===== AVAILABLE DATA =====

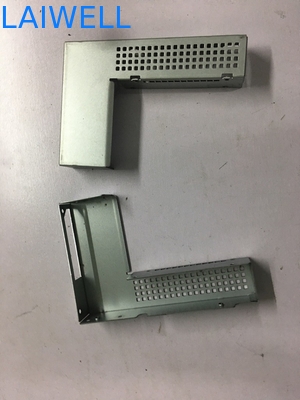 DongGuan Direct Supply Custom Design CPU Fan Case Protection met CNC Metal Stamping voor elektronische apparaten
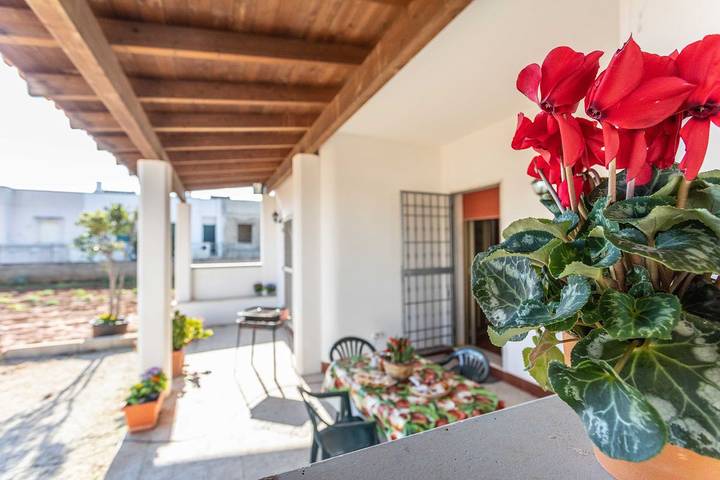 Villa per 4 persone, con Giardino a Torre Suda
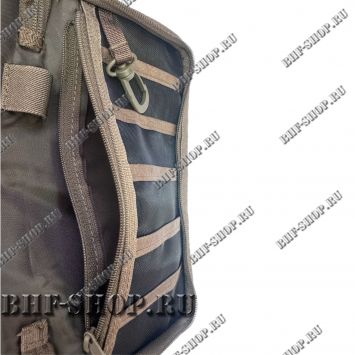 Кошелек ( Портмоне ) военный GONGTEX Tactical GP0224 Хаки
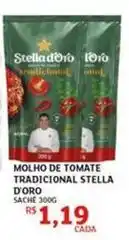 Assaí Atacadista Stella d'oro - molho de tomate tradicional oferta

=====

▶ **DESCRIPTION OF THE TASK**: Output every line above exactly as it stands, and drop any picture.

▶ **SOLUTION FOR THIS EXERCISE**:
 DongGuan Direct Supply Custom Design CPU Fan Case Protection met CNC Metal Stamping voor elektronische apparaten
 Villa per 4 persone, con Giardino a Torre Suda
 Кошелек ( Портмоне ) военный GONGTEX Tactical GP0224 Хаки
 Assaí Atacadista Stella d'oro - molho de tomate tradicional oferta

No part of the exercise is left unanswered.